* **MATERIAL PROVIDED**

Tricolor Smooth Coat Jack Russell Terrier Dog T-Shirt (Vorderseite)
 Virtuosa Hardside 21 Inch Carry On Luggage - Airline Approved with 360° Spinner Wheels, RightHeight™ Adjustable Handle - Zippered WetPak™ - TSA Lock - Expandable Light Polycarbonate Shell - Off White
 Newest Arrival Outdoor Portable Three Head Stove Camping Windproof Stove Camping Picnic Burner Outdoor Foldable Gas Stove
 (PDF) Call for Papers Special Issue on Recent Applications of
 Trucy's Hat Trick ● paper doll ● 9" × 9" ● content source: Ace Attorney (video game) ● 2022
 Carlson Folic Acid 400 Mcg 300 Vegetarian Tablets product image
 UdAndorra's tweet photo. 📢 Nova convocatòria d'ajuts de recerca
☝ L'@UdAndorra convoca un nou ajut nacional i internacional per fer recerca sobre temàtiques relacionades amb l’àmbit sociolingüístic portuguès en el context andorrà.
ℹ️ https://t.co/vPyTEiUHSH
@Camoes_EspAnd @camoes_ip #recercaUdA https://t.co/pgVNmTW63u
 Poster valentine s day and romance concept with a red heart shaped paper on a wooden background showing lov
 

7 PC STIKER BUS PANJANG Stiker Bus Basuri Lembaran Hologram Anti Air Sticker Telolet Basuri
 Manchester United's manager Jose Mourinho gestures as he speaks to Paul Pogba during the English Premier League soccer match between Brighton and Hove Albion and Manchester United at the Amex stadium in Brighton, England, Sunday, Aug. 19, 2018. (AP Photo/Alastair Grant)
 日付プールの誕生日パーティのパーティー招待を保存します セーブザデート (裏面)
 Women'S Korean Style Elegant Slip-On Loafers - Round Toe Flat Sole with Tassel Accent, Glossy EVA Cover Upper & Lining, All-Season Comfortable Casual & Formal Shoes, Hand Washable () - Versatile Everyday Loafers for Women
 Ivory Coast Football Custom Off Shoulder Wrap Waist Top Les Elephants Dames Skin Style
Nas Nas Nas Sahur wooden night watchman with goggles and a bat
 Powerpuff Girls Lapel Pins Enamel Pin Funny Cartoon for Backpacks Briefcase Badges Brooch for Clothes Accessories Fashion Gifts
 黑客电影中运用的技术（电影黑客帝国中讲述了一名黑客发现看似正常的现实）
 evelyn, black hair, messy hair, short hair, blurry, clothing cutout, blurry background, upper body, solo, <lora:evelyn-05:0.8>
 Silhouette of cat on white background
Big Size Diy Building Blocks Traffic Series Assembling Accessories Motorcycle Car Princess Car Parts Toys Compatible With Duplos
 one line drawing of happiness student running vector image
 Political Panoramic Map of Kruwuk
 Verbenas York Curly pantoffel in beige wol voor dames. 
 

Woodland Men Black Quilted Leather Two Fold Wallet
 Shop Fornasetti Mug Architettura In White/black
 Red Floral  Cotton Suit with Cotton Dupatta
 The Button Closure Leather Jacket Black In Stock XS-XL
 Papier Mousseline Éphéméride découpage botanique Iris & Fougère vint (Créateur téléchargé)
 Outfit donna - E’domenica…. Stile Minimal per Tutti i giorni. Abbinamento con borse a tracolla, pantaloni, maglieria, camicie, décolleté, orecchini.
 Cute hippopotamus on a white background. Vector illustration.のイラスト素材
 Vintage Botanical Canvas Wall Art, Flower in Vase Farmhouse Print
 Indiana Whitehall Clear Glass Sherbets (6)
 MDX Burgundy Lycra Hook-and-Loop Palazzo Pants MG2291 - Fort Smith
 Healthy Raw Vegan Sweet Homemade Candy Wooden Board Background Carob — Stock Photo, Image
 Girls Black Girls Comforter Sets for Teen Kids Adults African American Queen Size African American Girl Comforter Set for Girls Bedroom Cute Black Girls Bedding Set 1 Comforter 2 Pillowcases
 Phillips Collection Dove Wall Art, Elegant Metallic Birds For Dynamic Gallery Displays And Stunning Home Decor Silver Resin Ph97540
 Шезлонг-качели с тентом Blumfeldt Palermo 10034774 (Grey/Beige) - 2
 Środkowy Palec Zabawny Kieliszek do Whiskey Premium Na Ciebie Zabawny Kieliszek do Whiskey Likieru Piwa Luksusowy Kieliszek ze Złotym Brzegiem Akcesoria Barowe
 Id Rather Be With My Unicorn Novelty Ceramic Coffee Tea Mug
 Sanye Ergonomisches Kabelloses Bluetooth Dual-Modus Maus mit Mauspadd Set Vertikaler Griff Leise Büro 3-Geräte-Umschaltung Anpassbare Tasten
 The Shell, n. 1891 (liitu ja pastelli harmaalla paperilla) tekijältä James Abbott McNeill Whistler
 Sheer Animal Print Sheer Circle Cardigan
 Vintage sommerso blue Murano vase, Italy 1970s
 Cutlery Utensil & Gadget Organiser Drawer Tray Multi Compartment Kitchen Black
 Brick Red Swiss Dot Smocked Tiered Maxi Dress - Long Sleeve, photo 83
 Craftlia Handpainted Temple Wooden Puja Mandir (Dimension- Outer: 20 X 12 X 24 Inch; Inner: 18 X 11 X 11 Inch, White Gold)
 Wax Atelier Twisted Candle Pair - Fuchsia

* **WHAT THE TASK ASKS**
From the listing above, repeat exactly the lines starting at the line that includes "Nas Nas Nas" and ending at the line that includes "Woodland Men Black", with nothing outside that span.

* **RESPONSE AREA**
Nas Nas Nas Sahur wooden night watchman with goggles and a bat
 Powerpuff Girls Lapel Pins Enamel Pin Funny Cartoon for Backpacks Briefcase Badges Brooch for Clothes Accessories Fashion Gifts
 黑客电影中运用的技术（电影黑客帝国中讲述了一名黑客发现看似正常的现实）
 evelyn, black hair, messy hair, short hair, blurry, clothing cutout, blurry background, upper body, solo, <lora:evelyn-05:0.8>
 Silhouette of cat on white background
Big Size Diy Building Blocks Traffic Series Assembling Accessories Motorcycle Car Princess Car Parts Toys Compatible With Duplos
 one line drawing of happiness student running vector image
 Political Panoramic Map of Kruwuk
 Verbenas York Curly pantoffel in beige wol voor dames. 
 

Woodland Men Black Quilted Leather Two Fold Wallet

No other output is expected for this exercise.